Вывод: Надпись не выдержала перекрёстного анализа — физического и лингвистического — и стала ярким примером того, что автор называет «интерпретационной подделкой», то есть попыткой создать археологическое доказательство, соответствующее тораническому нарративу.
Письма из Лахиша: создание места через имя
История поиска местоположения Лахиша показывает сомнительную методологию:
· Переносы раскопок:
Флиндерс Питри начал раскопки в Тель-эль-Хеси (1890), думая, что это Лахиш, но быстро понял ошибку. В 1938 году Лахиш «нашли» в Тель-Дувейре, основываясь на сомнительной лингвистической интерпретации — название соседней арабской деревни Умм эль-Кейс было искажено серией звуковых замен до Лахиша.
· Круговая аргументация:
Археолог Дж. Л. Старки исходил из этой предварительной гипотезы. Когда он нашёл следы пожара, сразу приписал их вавилонянам (587 г. до н.э.), не имея прямых доказательств. При чтении «писем из Лахиша» специалист Гарри Торчинер «достраивал» недостающие буквы, а затем сопоставлял результаты с книгой Иеремии, чтобы подтвердить связь с торанической версией. Позднее У. Ф. Олбрайт добавил в один из текстов слово «Иерусалим», которого не было в оригинале.
Вывод: Эта цепочка предвзятых интерпретаций и произвольных чтений воплощает суть проблемы: превращение религиозного текста в мерило исторической истины и подчинение археологических данных его обслуживанию.
Надпись Меши: неопределённость и споры
Хотя эта надпись хорошо известна, она также вызывает множество сомнений:
· Сохранность текста:
Камень был найден в XIX веке в неблагоприятных условиях, а затем намеренно разбит в ходе конфликта между местными племенами и европейскими экспедициями. Многие части текста утеряны, и современная реконструкция основана на «бумажной копии» — оттиске, с которого и производились все современные чтения. Таким образом, интерпретации основаны не на подлинном артефакте, а на реконструкции, что порождает сомнения в её достоверности.
· Проблема чтения:
Наибольшие споры вызвала строка 31, где якобы упоминается «дом Давида». Однако две буквы между словами утрачены, и «чтение» основано на предположении. Многие учёные отвергают это как археологическое доказательство существования «дома Давида», считая, что религиозно-политическое толкование предшествовало научному анализу.

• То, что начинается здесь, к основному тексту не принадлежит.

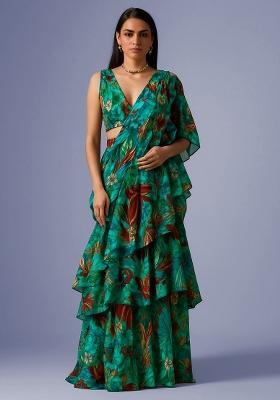 Multi Color Floral Print Chanderi Pre Draped Saree Set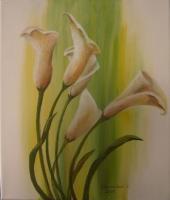 Calla Lilies 2 - Acrylics Paintings - By Erika Kohutovic, Floral Painting Artist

· Хронологическая и методологическая неопределённость:
В надписи упоминается царство «Дом Омри», однако некоторые исследователи связывают её с периодом Иосафата или Иорама, описанным во Второй книге Царств. Тем не менее хронологическая последовательность остаётся неустановленной, что делает сравнение между надписью и тораническим повествованием скорее предположением, чем доказательством.
· Вопрос подлинности:
Наконец, обсуждается и подлинность самого камня. Некоторые исследователи, особенно представители современной критической школы, полагают, что стела могла подвергаться изменениям или повторной резьбе во время реставрации, либо что она была создана в колониальном контексте, стремившемся «доказать» существование торанических исторических царств в регионе. Этот подход не обязательно отрицает подлинность надписи, но подчёркивает, что археологическое открытие невозможно отделить от идеологических и политических дискурсов, его сопровождающих.
Заключение
Отношения между тораническим повествованием и археологией остаются противоречивыми. Когда Тору сводят к географическо-политическому реестру, она теряет свою литературную и духовную ценность; когда же её навязывают археологии как мерило истины, наука утрачивает достоверность. Истина в том, что прошлое шире текстов и глубже идеологий. Задача исследователя — не подтверждать веру, а разбирать нарративы, превратившие миф в географию и политику в теологию. Только такой подход возвращает науке свободу, а археологии — способность рассказывать свою собственную историю, а не ту, которую ей приписали священные книги.
Ахмед ад-Дабаш, палестинский историк и исследователь.